How Weather Can Be Used to Predict Consumer Behavior

Insights and lessons for marketers

“Everybody talks about the weather, but nobody does anything about it,” Charles Dudley Warner famously said. This isn’t entirely accurate.

Weather impacts consumer behavior and many of the decisions customers make, from what to wear and eat, to where to go and when. And that creates a major opportunity for brands.

In the interest of determining just how much a role weather plays in consumer buying habits, we turned to proprietary foot traffic data to glean insights and lessons for marketers. Using location-specific data signals from over 600 million monthly users and 100 million points of interest around the world, GroundTruth helps brands predict behavioral trends and expose new mobile and location marketing opportunities.

1. Weather Triggers—and Hinders—Offline Sales

It stands to reason that the weather influences in-store sales. When it’s cold or stormy, our instincts often tell us to stay at home. Interestingly, though, foot traffic data shows that bad weather has more of an effect on purchase behavior than good weather does.

Insight: According to our foot traffic data, overall visits on our platform were 9 percent lower on bad weather days and just 6 percent higher on good weather days.

Marketing Lesson: Consider the point of sale when you’re planning location-specific campaigns, as you may see a decreased return on investment in inclement weather.

2. Targeting Based on Temperature? It’s All Relative

In the past, marketers have used temperature to determine where and when they should advertise, along with what they should promote. After all, selling ice cold beer in below-zero temps is rarely as effective as selling hot chocolate.

Insight: But even when targeting consumers with weather-specific creative, marketers must consider location. A 60-degree day in Southern California in the month of February is altogether different from a 60-degree day in New York—Californians might break out their coats while New Yorkers bask in the unexpected sunshine.

Marketing Lesson: Weather triggers different behavior in consumers depending on where they live, so avoid relying entirely on weather conditions and segment your weather data by location instead.
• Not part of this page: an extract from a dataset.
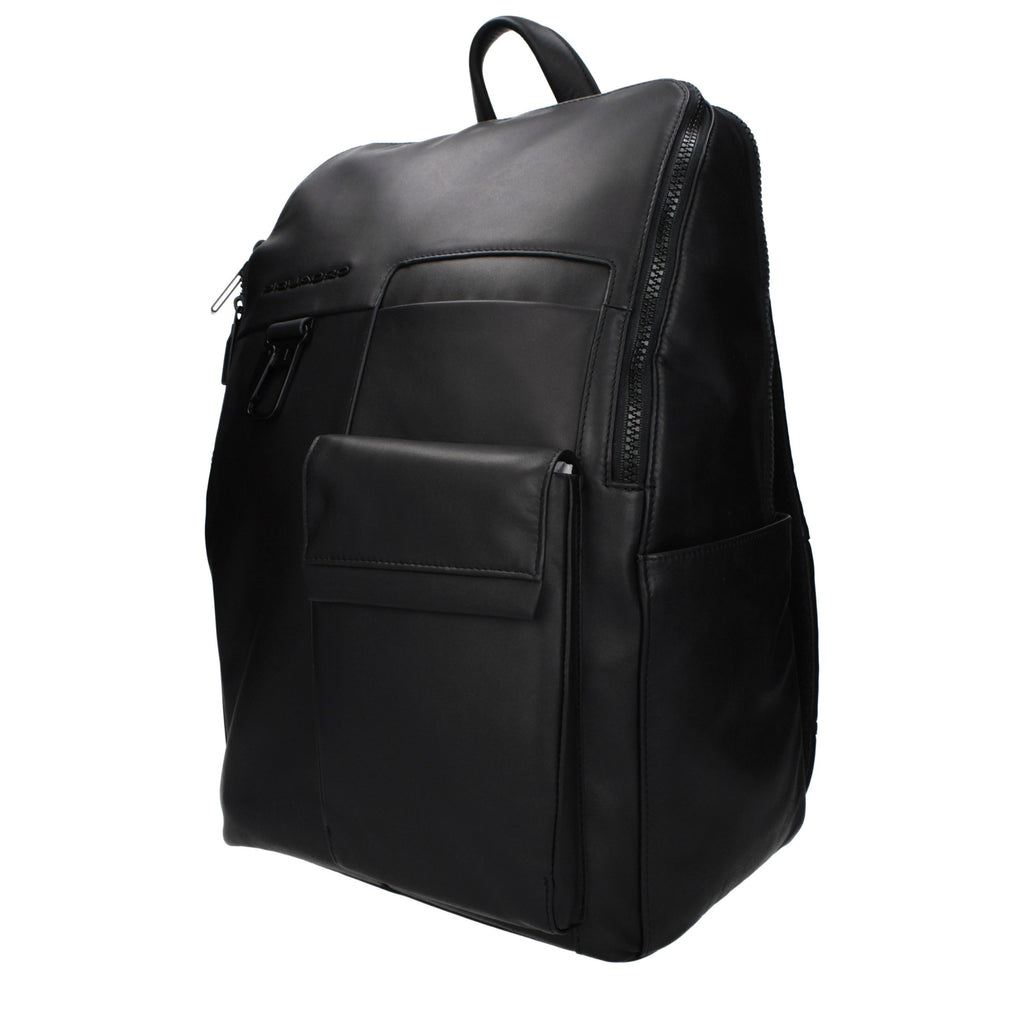 Piquadro black leather backpack with multiple compartments and adjustable straps, stylish and durable for everyday use.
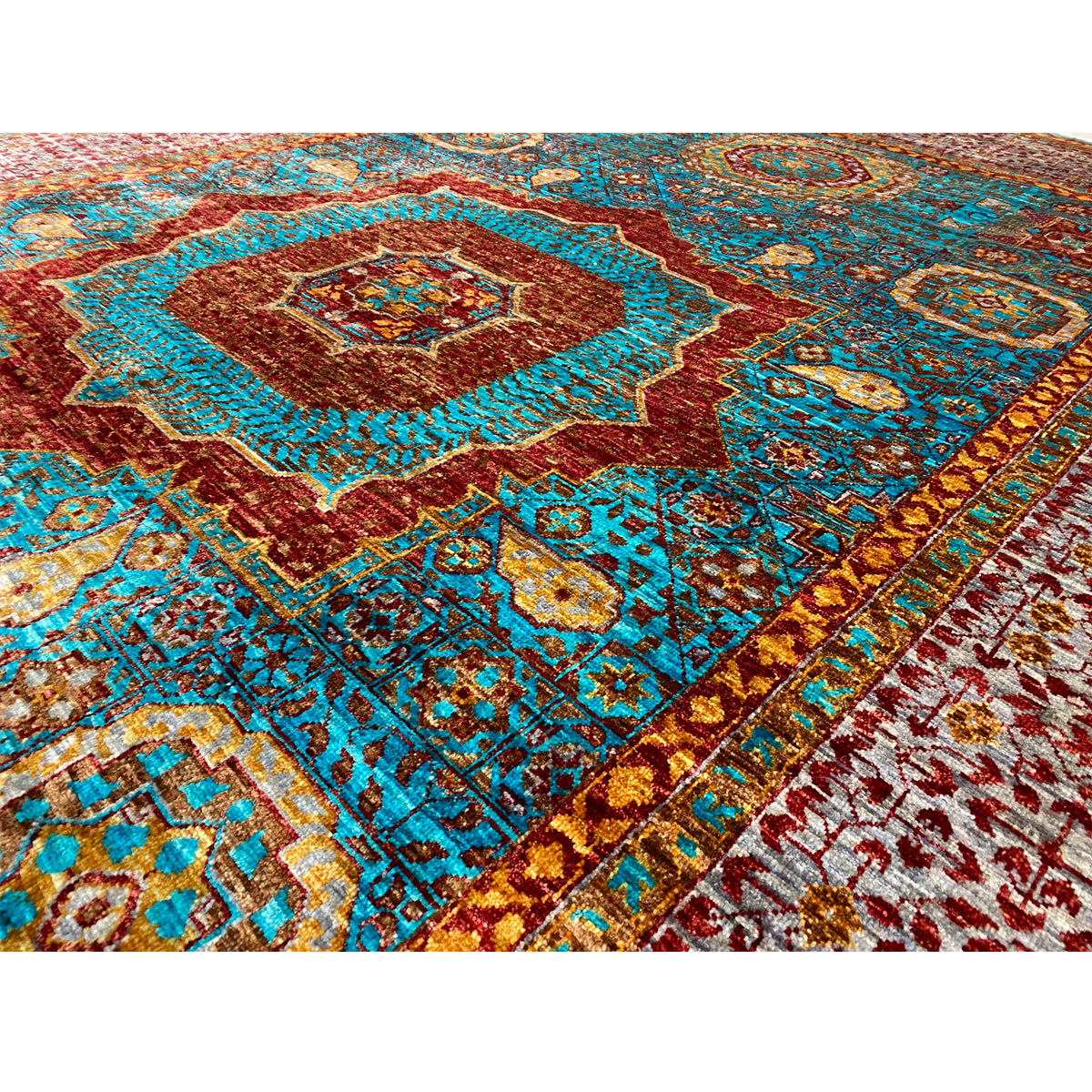 Hand-knotted rug, close-up: multicolored ornaments and fine weave structure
3. Weather Impacts Product Categories Differently

Weather may not hold sway over every move consumers make—regardless of what the meteorologist says, we still have to get to work—but it does affect decisions about which products we consume, and when.

Insight: Out of all retailers, Big Box brands experience the biggest negative impact from bad weather, our research shows. Those same retailers, along with Department stores, get a big increase in foot traffic when the weather is good, whereas grocery is the only category that doesn’t see significant benefits from good weather.

Marketing Lesson: When it’s raining, everyday essentials and household products can wait.

4. Make Weather Work for You

Insight: Knowing how the weather shapes consumer activity not only helps marketers plan more effective campaigns, but provides a far deeper understanding of your target customer’s current wants and needs. As first party location signals like foot traffic data become more robust, so too will customer personas and associated marketing strategies.

Marketing Lesson: Weather Triggering, GroundTruth’s location-based marketing solution, enables marketers to target against an extensive list of weather conditions and parameters. And thanks to the recent acquisition of WeatherBug, GroundTruth is able to provide even more insight by tapping into the largest network of weather sensors in the world. Working with GroundTruth’s marketers can customize their campaigns based on both current weather and forecasted weather to ensure that ads are relevant to location, time, and atmosphere.

In other words, brands can finally do something about the weather by making smarter targeting decisions and delivering more relevant ads—rain or shine.